I usually only keep single flocks (this is my second batch of 6) at a time as they are mostly pets and not used for much else, so the remaining two out of 6 have been together since I got them as chicks and no others have been introduced. Not much in diet has changed, I feed them DuMor layer crumble and some eggshells for calcium every now and then, but not as much recently as egg production has gone way down with only two chickens left.
She's eating and drinking when offered directly to her on her own. Her poop is back normal looking and she laid an egg for us today, but she still will not stand. I have her settled and isolated from my other hen.
I'm just not sure what to do, and I'm very sorry and I'm trying my best to answer all these questions to help us figure out something, but it's my first time one of my chickens has had a serious illness/problem.
Hey, you're doing fine! Slow down and don't get frustrated. I know we're asking a lot of questions but they really are important for us to get the whole picture. You'd do better with an oyster shell rather than the egg shell. With the egg shell, unless you are really crushing it small, you may be setting yourself up with an egg eater later.

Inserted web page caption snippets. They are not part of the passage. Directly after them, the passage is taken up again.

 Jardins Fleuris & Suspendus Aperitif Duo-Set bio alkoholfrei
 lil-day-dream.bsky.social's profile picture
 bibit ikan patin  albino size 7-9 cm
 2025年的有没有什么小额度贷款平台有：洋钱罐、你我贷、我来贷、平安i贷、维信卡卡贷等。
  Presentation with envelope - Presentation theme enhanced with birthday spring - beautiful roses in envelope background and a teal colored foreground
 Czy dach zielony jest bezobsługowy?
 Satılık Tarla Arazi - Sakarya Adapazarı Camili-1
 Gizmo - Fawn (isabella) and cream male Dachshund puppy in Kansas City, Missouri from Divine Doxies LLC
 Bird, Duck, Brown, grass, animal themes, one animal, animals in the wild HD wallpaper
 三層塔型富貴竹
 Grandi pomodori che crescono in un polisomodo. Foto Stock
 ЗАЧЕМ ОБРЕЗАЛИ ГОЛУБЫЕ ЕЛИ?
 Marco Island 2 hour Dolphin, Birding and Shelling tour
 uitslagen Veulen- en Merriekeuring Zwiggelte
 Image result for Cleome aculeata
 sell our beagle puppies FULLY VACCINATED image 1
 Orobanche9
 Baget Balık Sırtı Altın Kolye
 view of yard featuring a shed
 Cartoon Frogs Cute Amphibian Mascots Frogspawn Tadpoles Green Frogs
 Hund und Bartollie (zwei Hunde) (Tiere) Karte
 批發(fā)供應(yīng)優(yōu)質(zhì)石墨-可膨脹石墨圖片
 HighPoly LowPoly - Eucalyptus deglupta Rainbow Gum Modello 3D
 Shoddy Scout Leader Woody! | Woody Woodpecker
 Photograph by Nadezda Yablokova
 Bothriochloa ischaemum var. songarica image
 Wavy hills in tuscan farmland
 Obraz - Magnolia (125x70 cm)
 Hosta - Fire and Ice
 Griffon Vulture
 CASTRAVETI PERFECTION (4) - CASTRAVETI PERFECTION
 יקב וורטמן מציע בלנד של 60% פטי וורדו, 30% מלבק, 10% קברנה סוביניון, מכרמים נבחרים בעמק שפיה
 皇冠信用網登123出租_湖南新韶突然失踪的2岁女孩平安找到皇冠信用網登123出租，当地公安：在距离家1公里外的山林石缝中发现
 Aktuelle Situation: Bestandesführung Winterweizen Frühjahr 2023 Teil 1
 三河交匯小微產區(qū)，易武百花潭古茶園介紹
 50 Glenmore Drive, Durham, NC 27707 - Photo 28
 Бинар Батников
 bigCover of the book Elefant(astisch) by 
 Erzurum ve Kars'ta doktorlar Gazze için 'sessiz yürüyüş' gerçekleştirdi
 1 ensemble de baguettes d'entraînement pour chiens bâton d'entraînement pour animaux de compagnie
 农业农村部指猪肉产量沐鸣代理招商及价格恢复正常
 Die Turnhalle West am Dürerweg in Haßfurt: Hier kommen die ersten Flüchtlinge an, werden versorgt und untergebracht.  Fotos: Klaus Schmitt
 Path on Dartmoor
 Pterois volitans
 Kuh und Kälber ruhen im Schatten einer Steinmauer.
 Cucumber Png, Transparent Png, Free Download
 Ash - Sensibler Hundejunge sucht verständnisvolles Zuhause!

Honestly, I've had both my flocks on Dumor and have not had any problems with it thus far, and it is the more expensive brand compared to some TSC sells. We don't have any local feed stores that's not going miles out of my way, so I'm trying to get the best I can but I'll look into what I can get.
I wormed and dusted both my hens yesterday and also put in the Sav-a-chick probiotic in the sick one's water. Her weight hasn't noticeably changed and she's still looking bulkier than my other chicken (no breast bone protruding), as she always has. She's eating and drinking normally and completely on her own and I'm getting an egg every day still. Poop is normal.
The only problem I'm still seeing is the fact that she won't stand.
The other four were lost to an animal attack, so I'm not thinking Marek's has run through my flock at an earlier time.
As to the Dumor. Purina makes this for
TSC and here in the NE, it used to come out of the Penn. plant. Now it is coming out of NY. It is full of clumps of mouldy feed and the birds are not thriving with it at all. I have no clue where you are from but you need to do some research on where your feed is being processed. There are so many recalls of this feed through the years, it really is suspect. If it is all you can get then you need to be heads up with checking it and also providing more nutrition with the added vitamins and probiotics in their water.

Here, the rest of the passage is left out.